━━ Input for this task

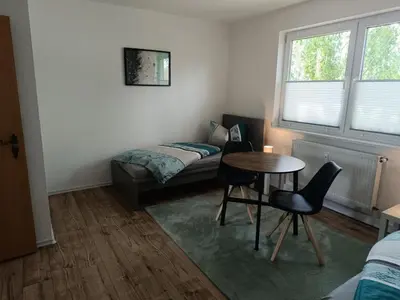 Ein Sitzbereich in der Unterkunft NEU! Ferienwohnung am Grimnitzsee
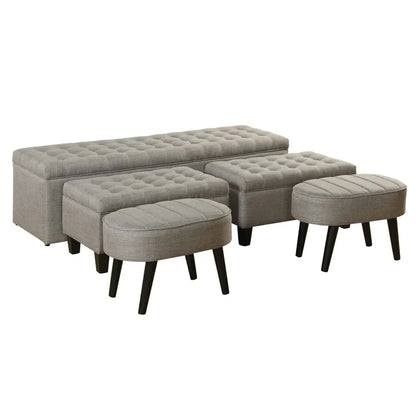 Set of 3 Storage Benches With 2 Ottomans (5-Piece Set)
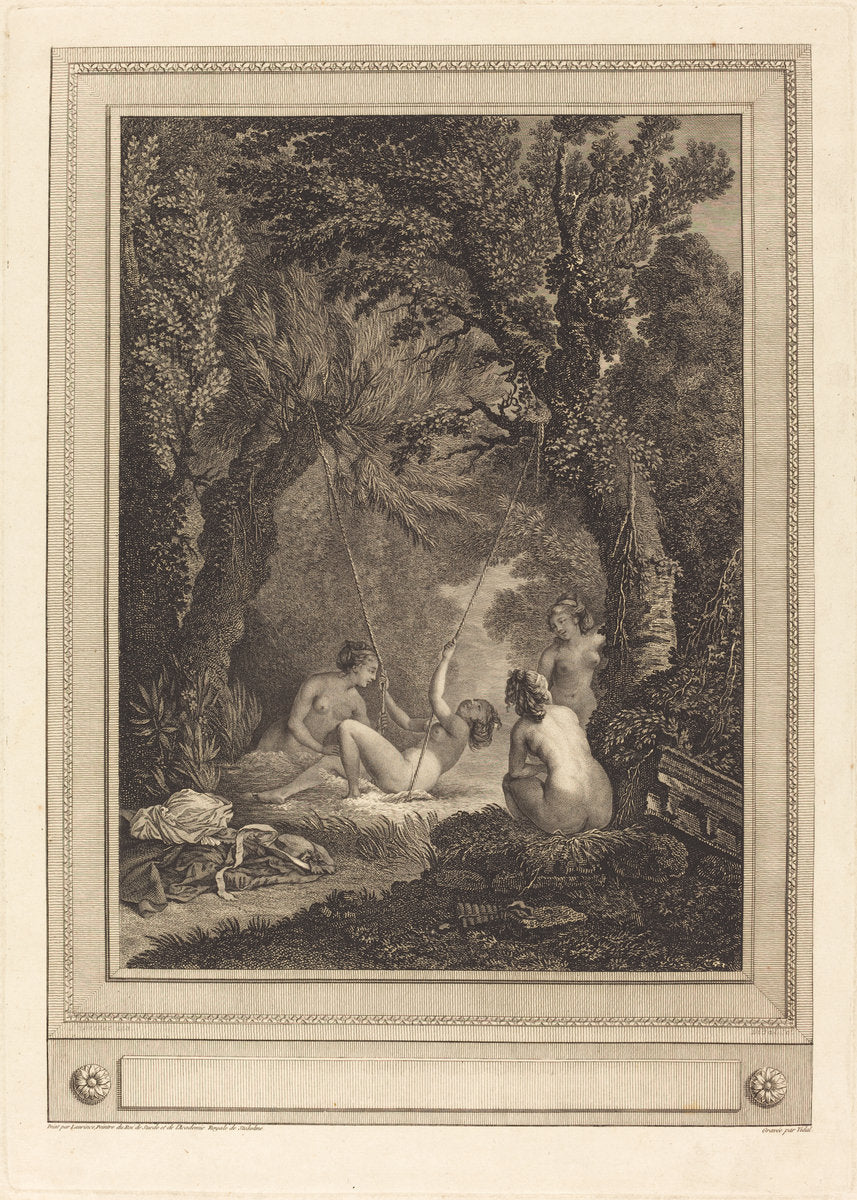 La balancoire mysterieuse by Geraud Vidal after Nicolas Lavreince (French, 1742 - 1801), 16X12"(A3)Poster Print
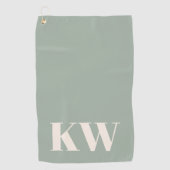 Serviette De Golf Initiales Monogramme Vert Sauge Moderne Personnali (Devant)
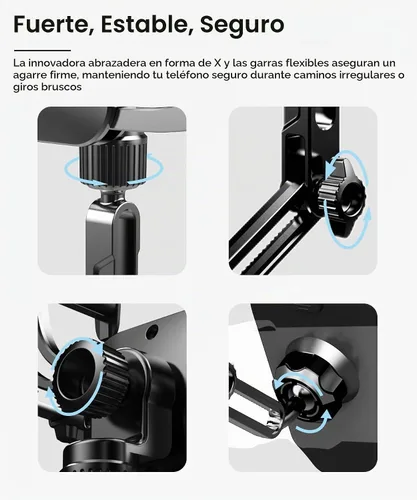 Vista 4 de Soporte para teléfono con espejo retrovisor – Soporte de teléfono de coche con brazo de metal sólido, ajuste universal para iPhone y Android, clip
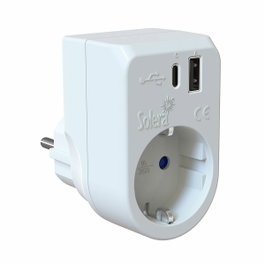 Solera Adaptador 2p+t con USB tipo A y USB tipo C 16A 250V Blanco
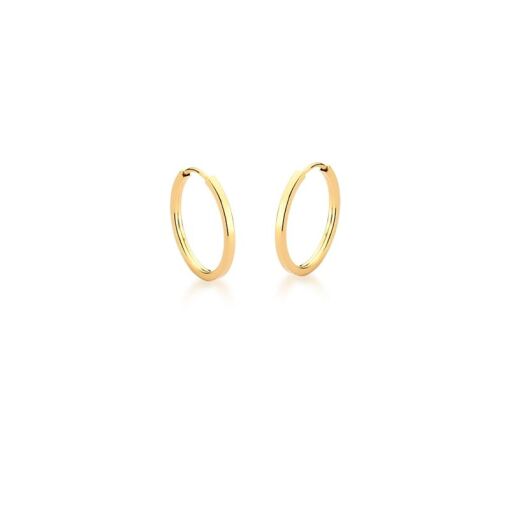 ARGOLA LISA COM ARO QUADRADO BANHADA A OURO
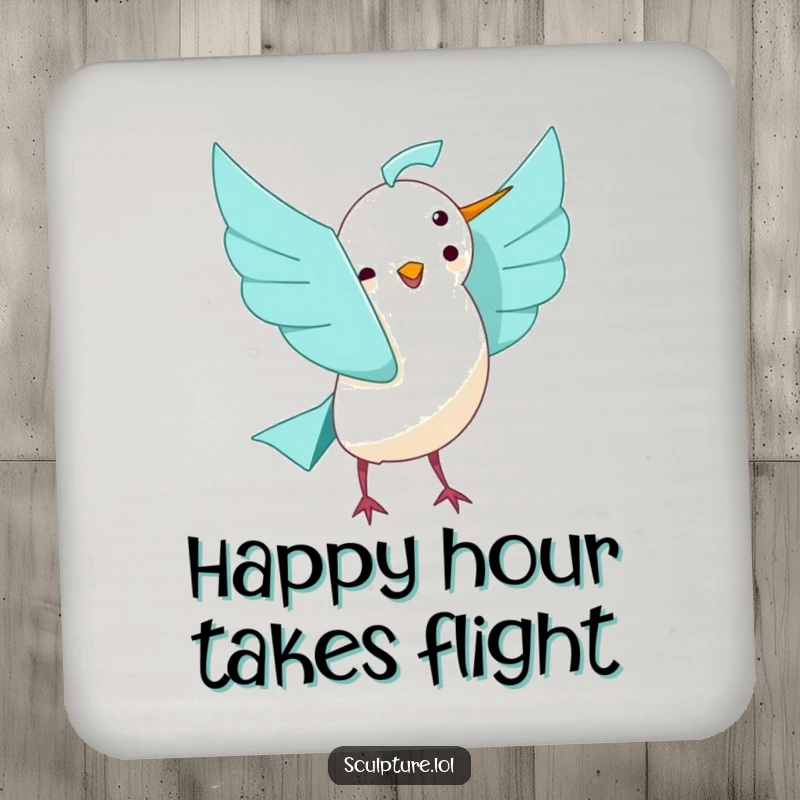 Funny playful origami bird unfolding with joy coasters, protecting surfaces with cheerful artistic humor and charm.
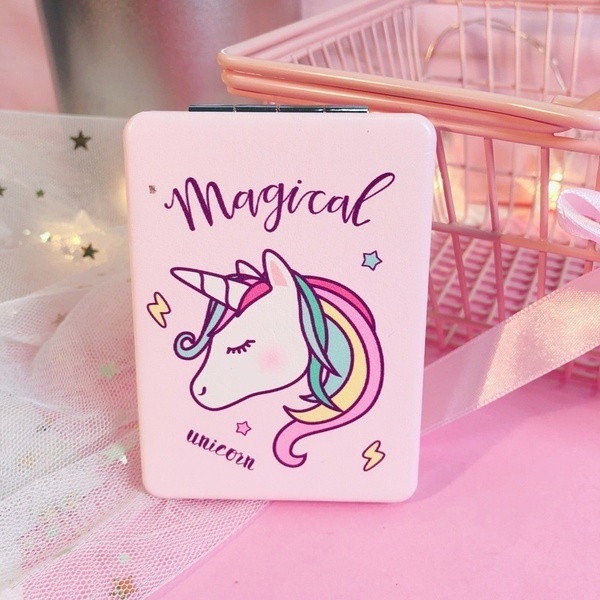 Καθρέπτης τσέπης σε τέσσερα χρώματα με εφαρμογή Unicorn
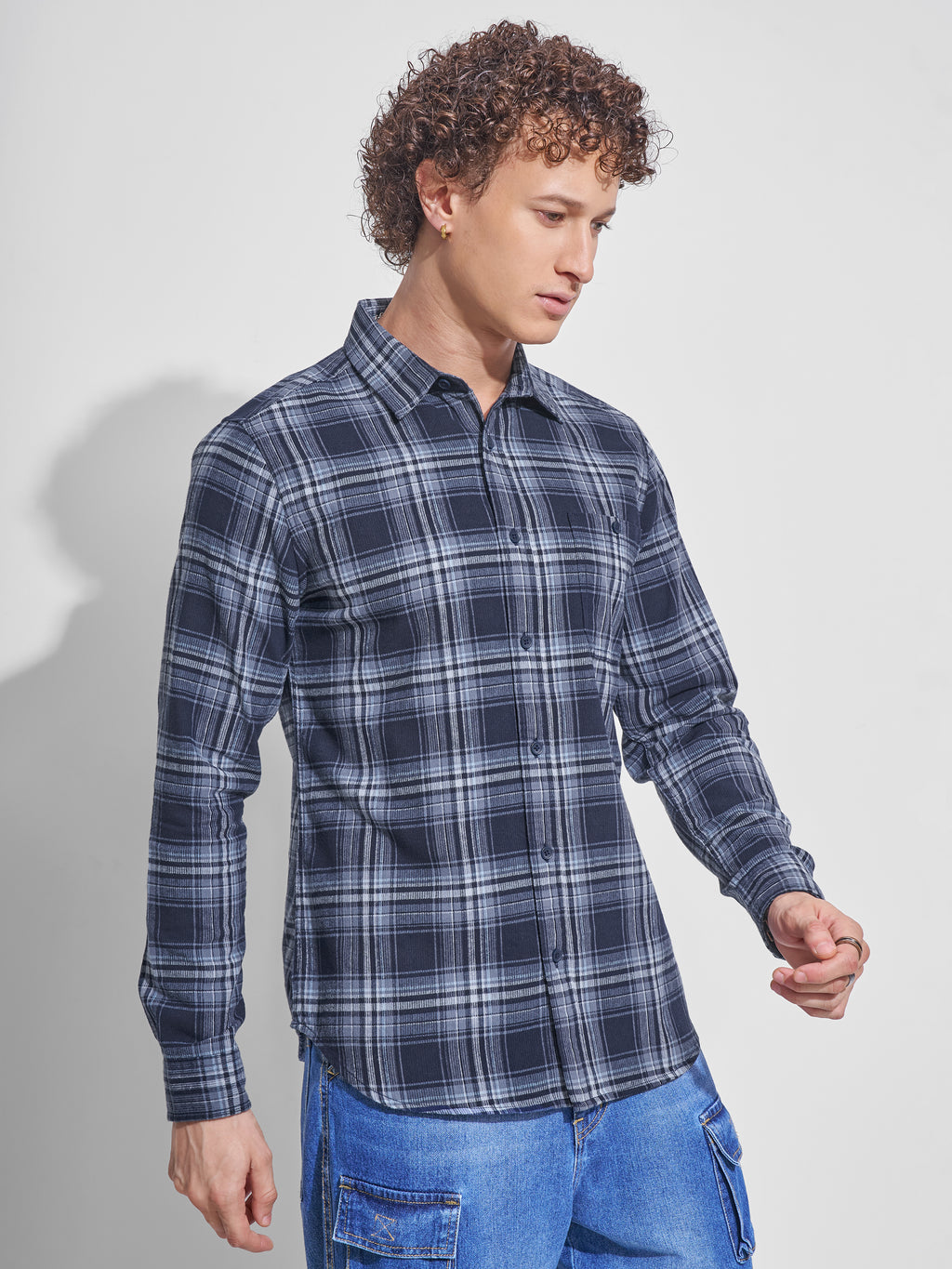 Highlander Men Navy Blue Checked Slim Fit Casual Shirt - Navy Blue - Image 6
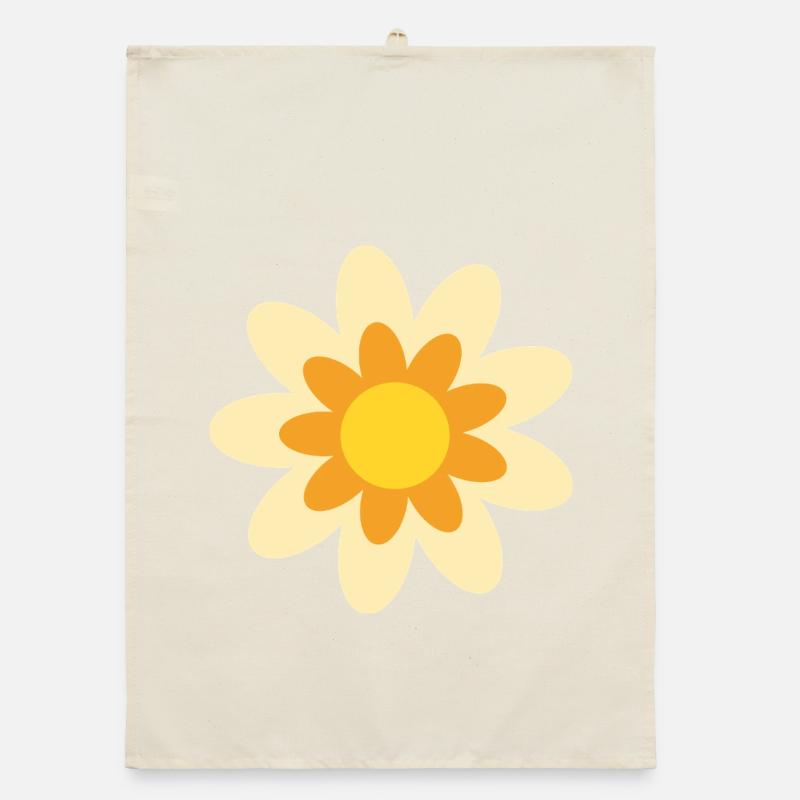 70s Flower Pattern Hippie Gift Organic dish towel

━━━━

Directions for this task: Print all entries exactly; skip the pictures.

Final answer:
 Ein Sitzbereich in der Unterkunft NEU! Ferienwohnung am Grimnitzsee
 Set of 3 Storage Benches With 2 Ottomans (5-Piece Set)
 La balancoire mysterieuse by Geraud Vidal after Nicolas Lavreince (French, 1742 - 1801), 16X12"(A3)Poster Print
 Serviette De Golf Initiales Monogramme Vert Sauge Moderne Personnali (Devant)
 Vista 4 de Soporte para teléfono con espejo retrovisor – Soporte de teléfono de coche con brazo de metal sólido, ajuste universal para iPhone y Android, clip
 Solera Adaptador 2p+t con USB tipo A y USB tipo C 16A 250V Blanco
 ARGOLA LISA COM ARO QUADRADO BANHADA A OURO
 Funny playful origami bird unfolding with joy coasters, protecting surfaces with cheerful artistic humor and charm.
 Καθρέπτης τσέπης σε τέσσερα χρώματα με εφαρμογή Unicorn
 Highlander Men Navy Blue Checked Slim Fit Casual Shirt - Navy Blue - Image 6
 70s Flower Pattern Hippie Gift Organic dish towel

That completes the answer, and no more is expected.